Data Lake

A storage system for raw data in any format, where structure is applied at query time, not at ingestion.

D
Kunwar "AKA" AJ Sharing what I have learned
Jan 4, 2026 6 min Data Engineering
data lake

A data lake is a storage system that accepts data in any format — structured tables, JSON logs, images, PDFs, raw sensor readings — and stores it exactly as it arrived. Unlike a data warehouse that validates and structures data before storing it, a data lake stores first and asks questions later.

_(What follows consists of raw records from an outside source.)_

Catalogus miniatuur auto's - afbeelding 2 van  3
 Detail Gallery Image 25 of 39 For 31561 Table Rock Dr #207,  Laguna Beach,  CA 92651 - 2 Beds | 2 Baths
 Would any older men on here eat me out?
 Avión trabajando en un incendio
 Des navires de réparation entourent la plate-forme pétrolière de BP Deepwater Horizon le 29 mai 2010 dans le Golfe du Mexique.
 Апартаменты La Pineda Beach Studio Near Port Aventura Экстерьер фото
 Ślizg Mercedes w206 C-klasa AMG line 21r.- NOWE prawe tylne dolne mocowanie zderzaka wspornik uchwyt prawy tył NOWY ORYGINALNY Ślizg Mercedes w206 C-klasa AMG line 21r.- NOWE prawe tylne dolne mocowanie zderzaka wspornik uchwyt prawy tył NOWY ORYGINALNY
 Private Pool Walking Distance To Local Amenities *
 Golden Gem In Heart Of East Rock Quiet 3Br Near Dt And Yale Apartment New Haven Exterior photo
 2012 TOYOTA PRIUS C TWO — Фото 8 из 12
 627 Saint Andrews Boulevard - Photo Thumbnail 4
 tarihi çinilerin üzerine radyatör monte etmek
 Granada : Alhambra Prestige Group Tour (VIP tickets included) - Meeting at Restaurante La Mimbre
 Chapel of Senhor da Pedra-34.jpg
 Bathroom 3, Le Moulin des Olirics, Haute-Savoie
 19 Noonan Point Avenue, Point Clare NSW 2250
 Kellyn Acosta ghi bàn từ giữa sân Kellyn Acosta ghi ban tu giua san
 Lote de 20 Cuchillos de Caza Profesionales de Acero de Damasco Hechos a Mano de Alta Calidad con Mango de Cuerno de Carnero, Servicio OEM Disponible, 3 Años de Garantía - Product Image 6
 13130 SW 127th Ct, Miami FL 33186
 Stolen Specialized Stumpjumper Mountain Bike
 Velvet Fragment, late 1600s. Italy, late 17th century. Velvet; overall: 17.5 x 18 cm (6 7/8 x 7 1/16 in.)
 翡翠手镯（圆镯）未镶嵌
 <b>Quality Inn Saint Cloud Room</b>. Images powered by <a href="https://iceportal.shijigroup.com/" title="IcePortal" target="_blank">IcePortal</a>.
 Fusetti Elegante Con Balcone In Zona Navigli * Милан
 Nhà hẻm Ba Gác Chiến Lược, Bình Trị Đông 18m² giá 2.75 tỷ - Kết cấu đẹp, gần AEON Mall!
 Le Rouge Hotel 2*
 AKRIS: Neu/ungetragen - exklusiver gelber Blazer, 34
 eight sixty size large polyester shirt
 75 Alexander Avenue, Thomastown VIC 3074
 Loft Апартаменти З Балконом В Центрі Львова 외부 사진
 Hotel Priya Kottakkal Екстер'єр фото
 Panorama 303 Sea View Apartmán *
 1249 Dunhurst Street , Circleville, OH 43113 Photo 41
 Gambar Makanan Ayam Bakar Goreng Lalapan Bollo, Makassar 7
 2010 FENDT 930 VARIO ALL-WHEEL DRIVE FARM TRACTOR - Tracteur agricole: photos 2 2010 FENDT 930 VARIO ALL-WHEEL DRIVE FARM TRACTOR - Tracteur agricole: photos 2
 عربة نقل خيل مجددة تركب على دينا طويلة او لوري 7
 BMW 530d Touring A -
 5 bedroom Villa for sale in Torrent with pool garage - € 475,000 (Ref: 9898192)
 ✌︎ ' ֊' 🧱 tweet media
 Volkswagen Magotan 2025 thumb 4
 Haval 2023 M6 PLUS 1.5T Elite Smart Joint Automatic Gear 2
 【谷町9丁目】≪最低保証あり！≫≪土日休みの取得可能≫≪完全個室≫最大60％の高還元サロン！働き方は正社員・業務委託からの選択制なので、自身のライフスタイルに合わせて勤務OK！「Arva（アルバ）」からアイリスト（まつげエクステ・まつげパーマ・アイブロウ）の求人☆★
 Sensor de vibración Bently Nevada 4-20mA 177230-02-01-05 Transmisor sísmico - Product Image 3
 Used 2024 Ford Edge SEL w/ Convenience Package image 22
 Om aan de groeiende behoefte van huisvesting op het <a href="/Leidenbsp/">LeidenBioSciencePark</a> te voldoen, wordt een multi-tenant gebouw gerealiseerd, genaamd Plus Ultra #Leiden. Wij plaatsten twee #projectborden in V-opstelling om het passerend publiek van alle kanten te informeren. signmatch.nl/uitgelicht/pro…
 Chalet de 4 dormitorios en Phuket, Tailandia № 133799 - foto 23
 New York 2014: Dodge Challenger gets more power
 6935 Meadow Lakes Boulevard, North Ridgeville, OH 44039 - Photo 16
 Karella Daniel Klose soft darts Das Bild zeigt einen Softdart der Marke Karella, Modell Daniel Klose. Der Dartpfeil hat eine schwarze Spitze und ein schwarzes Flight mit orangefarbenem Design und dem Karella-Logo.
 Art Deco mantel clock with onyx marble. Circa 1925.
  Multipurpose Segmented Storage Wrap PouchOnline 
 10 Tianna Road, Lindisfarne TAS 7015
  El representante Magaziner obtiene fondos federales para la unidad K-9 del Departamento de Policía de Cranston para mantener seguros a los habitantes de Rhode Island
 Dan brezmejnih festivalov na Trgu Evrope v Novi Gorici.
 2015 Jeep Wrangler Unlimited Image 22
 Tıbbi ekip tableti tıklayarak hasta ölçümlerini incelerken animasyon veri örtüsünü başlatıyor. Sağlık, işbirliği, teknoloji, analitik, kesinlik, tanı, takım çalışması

This approach exists because not every piece of data has an obvious use at the time it is generated. Server logs, user behavior streams, IoT sensor readings — these might become valuable months or years later when a data scientist discovers a pattern. A data lake preserves that raw material, ensuring nothing is lost or pre-filtered before you know what questions to ask.

What Actually Happens Inside a Data Lake

When data enters a data lake, nothing validates it. Nothing transforms it. The raw bytes are stored exactly as they arrived. Structure is applied later, only when you query. Let us trace what this means in practice.

Data arrives from multiple sources:

data-ingestion.txt
JSON logs from web server    → Stored as-is (raw JSON files)
CSV exports from vendor      → Stored as-is (raw CSV files)
Images from security cameras → Stored as-is (raw image files)
PDFs from contracts          → Stored as-is (raw PDF files)
API responses from partners  → Stored as-is (raw JSON/XML)

No schema required. No type checking. No validation. The data lake does not care what format the data is in — it just stores the bytes. This is fundamentally different from a data warehouse, where data must pass through ETL validation before it can enter.

At query time, the engine figures out structure on the fly:

query-execution.txt
Query engine reads raw files
  → Parses structure on the fly
  → Handles missing fields gracefully
  → Infers data types from content
  → Returns whatever it can extract

Example: "SELECT user_id, action FROM web_logs WHERE date = '2024-01-15'"
  → Engine opens JSON files for that date
  → Parses each JSON object
  → Extracts user_id and action fields
  → Skips records where fields are missing
Key Insight

A data lake stores first, asks questions later. Structure is not enforced at write time — it is applied at read time. This is called schema-on-read. The cost of this flexibility is slower queries, because the engine must figure out the data structure every time you ask a question.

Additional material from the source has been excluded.